Saturday, April 20, 2013

"With the American, freedom is anything but a mere absence of restraint, an arbitrary, licentious indulgence, every one following his natural impulse".

"The aspirations of this new kind of citizen were moderated by what Thomas Jefferson had called 'temperate liberty':  a capacity for self-government in which the rational understanding acts as a check on the unruly will.

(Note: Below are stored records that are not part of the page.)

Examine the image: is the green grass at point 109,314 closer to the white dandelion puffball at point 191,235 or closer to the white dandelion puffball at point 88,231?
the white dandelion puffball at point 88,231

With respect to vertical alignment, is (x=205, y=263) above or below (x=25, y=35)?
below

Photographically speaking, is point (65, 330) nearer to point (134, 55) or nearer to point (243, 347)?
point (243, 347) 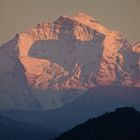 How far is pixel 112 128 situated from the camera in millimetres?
185125

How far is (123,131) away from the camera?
182 m

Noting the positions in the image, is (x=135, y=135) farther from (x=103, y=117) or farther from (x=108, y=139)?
(x=103, y=117)

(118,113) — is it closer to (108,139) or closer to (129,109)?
(129,109)

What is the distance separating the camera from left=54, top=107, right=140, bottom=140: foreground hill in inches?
7067

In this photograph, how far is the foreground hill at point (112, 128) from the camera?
17950cm

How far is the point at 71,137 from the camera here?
18612 cm

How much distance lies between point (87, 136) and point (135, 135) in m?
9.50

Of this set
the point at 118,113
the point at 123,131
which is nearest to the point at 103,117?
the point at 118,113

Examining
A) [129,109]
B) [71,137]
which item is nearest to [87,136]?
[71,137]

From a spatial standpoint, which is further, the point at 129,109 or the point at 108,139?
the point at 129,109

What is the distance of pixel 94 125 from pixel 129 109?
9695mm

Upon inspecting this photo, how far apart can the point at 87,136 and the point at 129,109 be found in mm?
17776

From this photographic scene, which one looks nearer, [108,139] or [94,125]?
[108,139]

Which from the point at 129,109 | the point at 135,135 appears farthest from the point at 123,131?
the point at 129,109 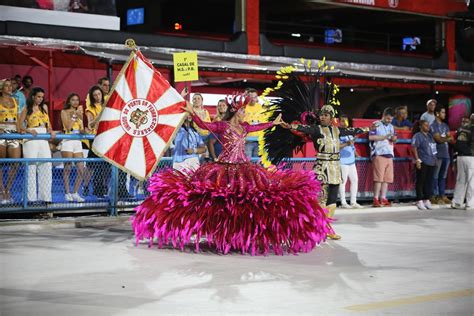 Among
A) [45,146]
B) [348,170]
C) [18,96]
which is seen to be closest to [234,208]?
[45,146]

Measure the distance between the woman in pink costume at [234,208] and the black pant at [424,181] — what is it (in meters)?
6.77

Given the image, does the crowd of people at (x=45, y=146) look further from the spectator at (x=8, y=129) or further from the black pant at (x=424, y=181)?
the black pant at (x=424, y=181)

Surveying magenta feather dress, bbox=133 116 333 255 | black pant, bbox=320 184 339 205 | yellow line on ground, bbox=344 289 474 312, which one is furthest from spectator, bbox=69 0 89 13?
yellow line on ground, bbox=344 289 474 312

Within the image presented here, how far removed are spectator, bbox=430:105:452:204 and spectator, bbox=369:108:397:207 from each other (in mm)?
1121

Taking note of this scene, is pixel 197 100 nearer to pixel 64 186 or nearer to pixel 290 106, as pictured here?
pixel 290 106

And the inner psychological structure of this temperate republican matched the outer system of checks and balances built into the republic itself.  For Jefferson temperate liberty was the key to both personal happiness and civil society.  It was a 'conception of freedom,' as Philip Schaff realized,
specifically different from the purely negative notion which prevails amongst the radicals and revolutionists of Europe.  With the American, freedom is anything but a mere absence of restraint[, an arbitrary, licentious indulgence, every one following his natural impulse, as the revolutionists would have it.  I]t is a rational, moral, self-determination, hand in hand with law, order, and authority.  True national freedom, in the American view, rests upon a moral groundwork, upon the virtue of self-possession and self-control in individual citizens.[  He alone is worthy of this great blessing and capable of enjoying it who holds his passions in check; is master of his sensual nature; obeys natural laws, not under pressure from without, but from inward impulse, cheerfully and joyfully.  But the negative and hollow liberalism, or rather the radicalism, which undermines the authority of law, and sets itself against Christianity and the church, necessarily dissolves all social ties, and ends in anarchy; which then passes very easily into the worst and most dangerous form of despotism.]"

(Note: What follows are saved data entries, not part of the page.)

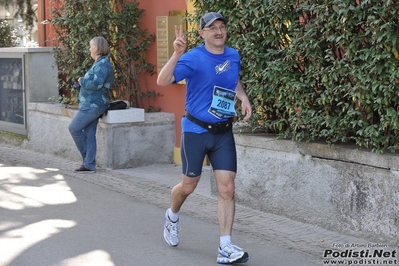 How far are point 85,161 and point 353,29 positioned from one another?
15.8 feet

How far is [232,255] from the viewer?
5945mm

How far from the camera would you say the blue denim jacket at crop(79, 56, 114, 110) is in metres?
10.1

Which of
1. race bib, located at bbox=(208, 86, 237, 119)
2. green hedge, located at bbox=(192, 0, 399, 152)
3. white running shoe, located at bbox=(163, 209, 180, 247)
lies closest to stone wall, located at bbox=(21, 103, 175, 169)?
green hedge, located at bbox=(192, 0, 399, 152)

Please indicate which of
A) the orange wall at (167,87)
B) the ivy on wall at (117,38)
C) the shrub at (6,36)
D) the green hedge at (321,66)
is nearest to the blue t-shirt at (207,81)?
the green hedge at (321,66)

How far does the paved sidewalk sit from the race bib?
1278mm

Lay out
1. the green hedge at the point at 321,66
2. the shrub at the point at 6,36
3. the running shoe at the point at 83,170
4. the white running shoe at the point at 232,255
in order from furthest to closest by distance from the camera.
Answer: the shrub at the point at 6,36
the running shoe at the point at 83,170
the green hedge at the point at 321,66
the white running shoe at the point at 232,255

     Andrew Delbanco, The real American dream: a meditation on hope, The William E. Massey Sr. lectures in the history of American civilization 1998 (Cambridge:  Harvard University Press, 1999), 61-62.  Delbanco is citing Philip Schaff, America:  a sketch of the political, social, and religious character of the United States of North America, in two lectures, (New York:  C. Scribner, 1855), 43-44 (though I have reinserted in brackets what Delbanco leaves out:  what he almost has to leave out, since he has moved from the chapter on "God" to the chapter on "Nation" (en route to the chapter on "Self")).